To capture the full warp and woof of the LaRouchies’ barking mad denunciations, try this:

Murawiec first showed his emerging corruption when he opposed the March 1986 publication of EIR’s thoroughly documented special report, Moscow’s Secret Weapon: Ariel Sharon and the Israeli Mafia. This 126-page report highlighted Sharon’s U.S. organized-crime-connected backers who ran the infamous Israeli spy in the U.S. Defense Department, Jonathan Pollard. Highly classified material stolen by Pollard was used in Israeli “U.S. secrets-for-Jewish-emigres” trades with the kind of Soviet KGB elements who later grouped around the financial oligarchs plundering post-Soviet Russia in the 1990s.By the late 1980s, on command, Murawiec was running an internal disruption operation within the Wiesbaden EIR office—supervised by the same people who promoted his subsequent career when his presence in that EIR office became overtly untenable, in 1990.Monsieur Murawiec went from money from then-fugitive Marc Rich’s Paris-based Marc Rich Foundation; to a dubious strategic affairs consultancy, GeoPol, hosted by a narcotics money-laundering Geneva, Switzerland bank; to a think-tank career in France promoting Pentagon Office of Net Assessments (ONA) digital cyberwar scenarios; to his posting to the Rand Corporation in Washington, and his Richard Perle-organized debutante’s public appearance at Perle’s American Enterprise Institute (AEI) in December 1999. …Murawiec’s current notoriety now permits us to divulge not merely who wants to plunge the world into an era of Clash of Civilizations war, but, how much that cabal has seen Lyndon LaRouche as its main opponent to their “vision” of an America turned into a caricature of the world’s discarded imperial systems.

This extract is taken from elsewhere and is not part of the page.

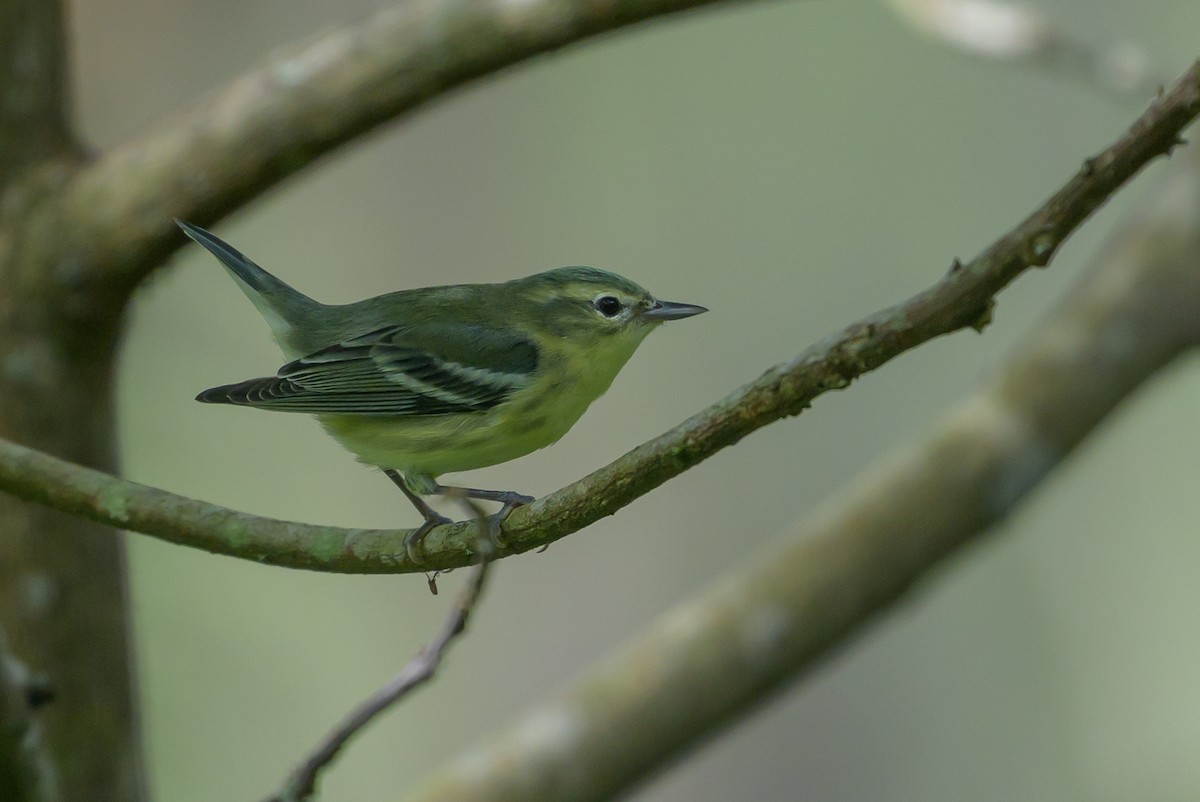 Cerulean Warbler - ML646799049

And so on, conspiracies within conspiracies, cabals within cabals.

According to another Aug. 16 posting on Executive Intelligence Review,the neocon’s tendrils have even reached out to include

a certain Jack Shafer, who posted a childish piece datelined slate.msn.com August 7, 2002, at 4:49 P.M. The notable feature of Shafer’s concoction is that he has the same profile as Murawiec, minus what are Murawiec’s actual French academic credentials. Shafer appears to be owned by the same folk who own Murawiec, but is, doubtless, much more poorly paid for his maliciously reckless disregard for truth. Perhaps that is Shafer’s gripe.

Agent Shafer to neoconservative controls Perle, Kristol, Wolfowitz, Pipes, Ikle: Send instructions for next covert op. And, please, more money.